Despite some ambiguity in how the review will be conducted, suppliers of network products and services may be subject to these reviews if the procurement at issue has the potential to affect China’s national security. Thus, those suppliers should be mindful of security risks running through their supply chain.
Enforced Immediately: Pre-Sale Certification of Critical Network Equipment and Network Security Products
Article 23 of the Law requires certain “Critical Network Equipment and Network Security Products” to a certification process before being sold or provided in China. This is separate from the security review process of network products and services procured by operators of Critical Information Infrastructure (CII). On June 9, 2017, the CAC, together with three other agencies, released the Catalog of Critical Network Equipment and Network Security Products (First Batch) that will be subject to such a certification process. For more detail, see Covington’s post on this development here.
Awaiting Clarification: Protection of Critical Information Infrastructure (CII)
The Law imposes the most stringent cybersecurity rules on CII operators and their suppliers. For example, in addition to the general obligations applicable to all network operators, Article 34 of the Law imposes on CII operators specific security protection obligations. These include, among other items, designating departments/personnel responsible for security management, conducting security training, backing up important systems and data, and formulating incident response plans that should be practiced regularly. However, the Law contemplates that the specific scope these and other requirements on the protection of CII will be specified by implementing regulations. These regulations have not yet been released.
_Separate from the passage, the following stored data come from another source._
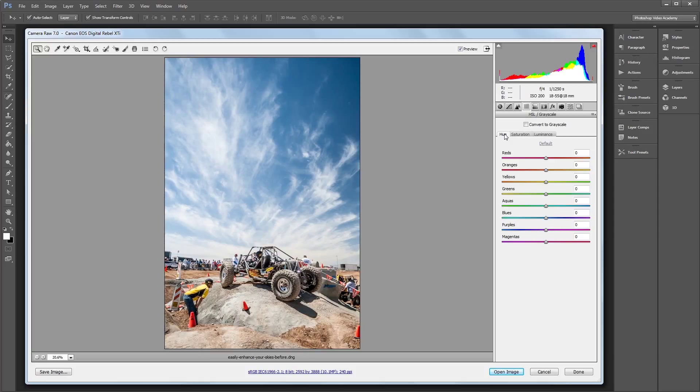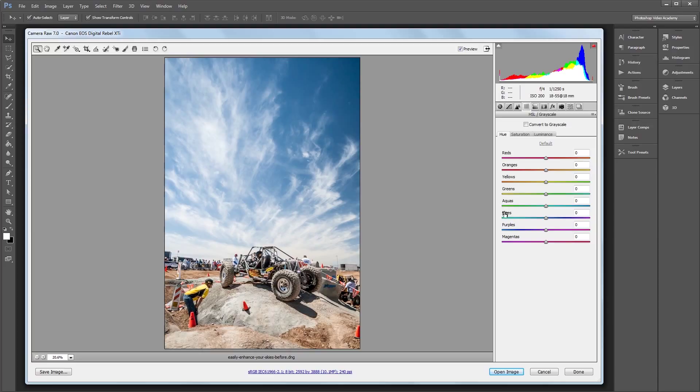So since the sky is blue and everything else is pretty much another color, it's going to be really easy to affect only the sky. So I want the sky to be a little more purple, so I'm going to come down to my blue slider since I want to affect only what's blue in my image, and I'm going to drag that to the right just a bit, maybe about 15.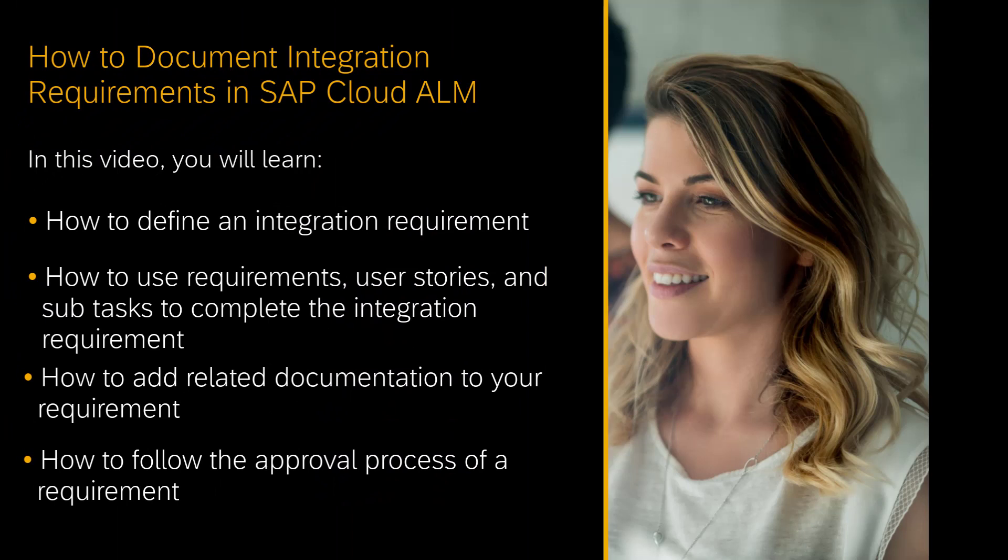In this video, you will learn how to define an integration requirement in SAP Cloud ALM, how to use requirements, user stories and subtasks to organize the different activities to complete the integration requirement, and how to add related documentation to your requirement.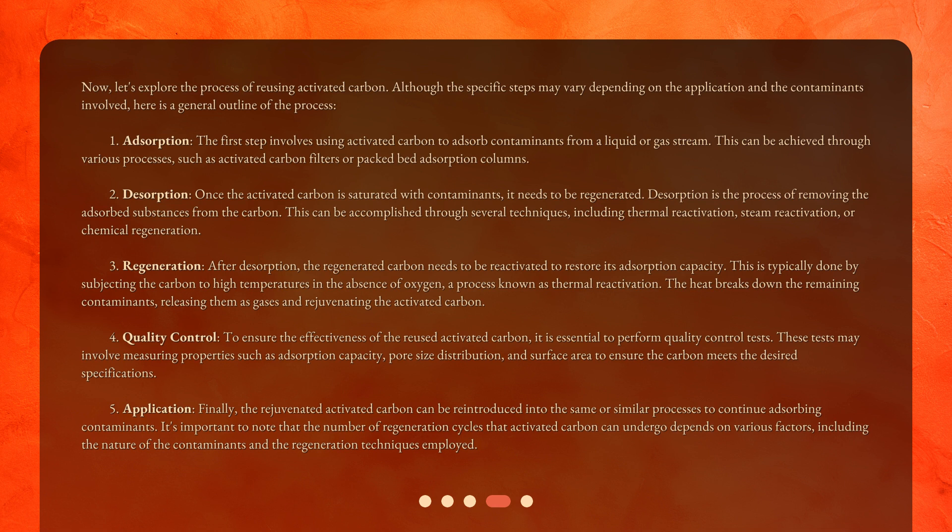Step five — application: finally, the rejuvenated activated carbon can be reintroduced into the same or similar processes to continue adsorbing contaminants. It's important to note that the number of regeneration cycles that activated carbon can undergo depends on various factors, including the nature of the contaminants and the regeneration techniques employed.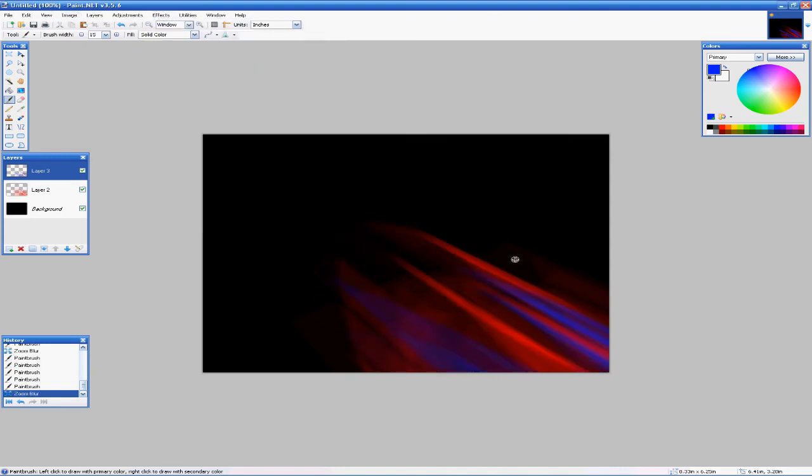I think it looks pretty cool if you're trying to make some sort of abstract background. So I hope this tutorial went well for you. Thank you for watching.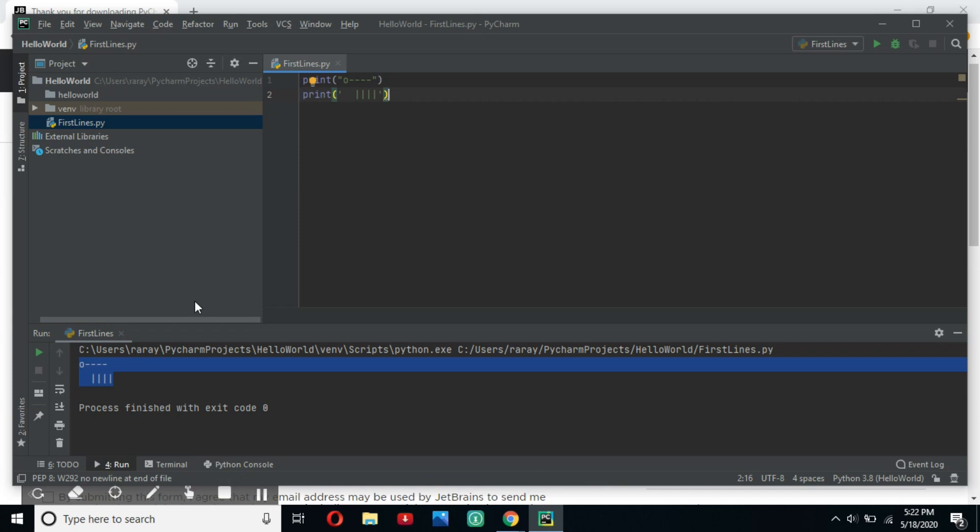So there you have it. We have our first couple of lines of code. In our next lesson, we will go into more detail on how Python works. And we would do a lot of formatting. So see you then.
Awaiting Clarification: Cross-Border Data Transfer
Article 37 of the Law expressly requires that operators of CII store within China “citizens’ personal information and important data” collected or generated in the course of operations within the country. If transfers of data offshore are necessary for operational reasons, a security assessment must be conducted by designated agencies, unless otherwise specified by laws and regulations.
The CAC has issued and received public comment on a draft implementing regulation for this requirement—the Measures on Security Assessment of Cross-border Data Transfer of Personal Information and Important Data (the draft “Transfer Measures”). Importantly, the draft Transfer Measures extend certain cross-border transfer obligations to “network operators,” a much broader term than “CII operators.” These obligations include conducting a security assessment before transferring personal information and important data offshore.
The CAC has delayed the issuance of the final version of the Transfer Measures for unknown reasons. In any event, in the latest version of the Transfer Measures, the CAC has given “network operators” a grace period of 18 months to comply with the requirements for cross-border data transfers. All network operators’ cross-border data transfers must be in compliance with the Measures starting from December 31, 2018.